NXP announced in March that its TJA1080A node and star transceiver (Figure 1) passed the FlexRay Physical Layer Conformance Test, the industry standard for FlexRay products. Hoeben said that compliance to the test is an important step in the proliferation of the FlexRay standard because for OEMs it translates into faster development times and fewer production issues.
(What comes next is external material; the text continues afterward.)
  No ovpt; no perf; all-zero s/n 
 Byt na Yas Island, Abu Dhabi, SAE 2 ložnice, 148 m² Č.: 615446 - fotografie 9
The device, due to ship in the second quarter, provides an interface between the protocol controller and the physical bus in a FlexRay network, monitors internal voltage and temperature, and supports the mode control used in NXP's TJA1055 and TJA1041 CAN transceivers.

Hoeben said BMW is using the TJA1080A predecessor, TJA1080. Among the enhancements in the newer version is full conformance with FlexRay Electrical-Physical Layer V2.1 for improved EMI/EMC performance, improved power-on reset behavior, an upgraded transmitter circuit to reduce emission on bus lines, and an enhanced receiver circuit for higher RF immunity, up to 70 ns minimum bit time.

“We're seeing a trend toward ECUs functioning as central gateways in ABS or suspension applications, with an active star device connecting the MCU by its branches to an ECU containing a node transceiver,” Hoeben noted. “In the future we expect to see more central gateways connected by four or eight branches to more ECUs.”

While the TJA1080A contains a node and an active star in the same device, Hoeben said next-generation devices are likely to contain a node or an active star, in order to give designers more flexibility by enabling more topologies and optimize system deployment costs.

Application developers are benefiting from a growing number of network-specific chips and design tools as they prepare new networks for launch.

NEC Electronics America targets chassis applications, among others, with the 32-bit V850E/PHO3 MCU, which features an embedded FlexRay controller based on E-Ray intellectual property licensed from Robert Bosch GmbH.

Built on NEC Electronics' V850E CPU core, which operates at clock speeds up to 128 MHz and features 1 MB of embedded flash memory, the V850E/PHO3 MCU was one of the first MCUs to pass the FlexRay Conformance Test administered by TÜV Nord Group's Institute for Vehicle Technology and Mobility, the FlexRay Consortium's partner for data link layer conformance testing. The certification is based on 275 tests that verify the functional behavior of an embedded FlexRay communications controller to ensure conformance with the FlexRay v2.1 specification.

“CAN and LIN are well accepted, but there is not much going on with them,” commented Jens Eltze, new business development manager in the Automotive Strategic Business Unit at NEC Electronics America. “FlexRay is the networking technology in the spotlight. It's having big success in Europe, and initial success in Japan and the U.S.”

Eltze said FlexRay holds appeal for developers of steering systems. The V850E/PHO3 has the ability to control one or two 3-phase brushless DC motors simultaneously for applications including electronic power steering, as well as electronic braking, damping and other vehicle-stability control applications.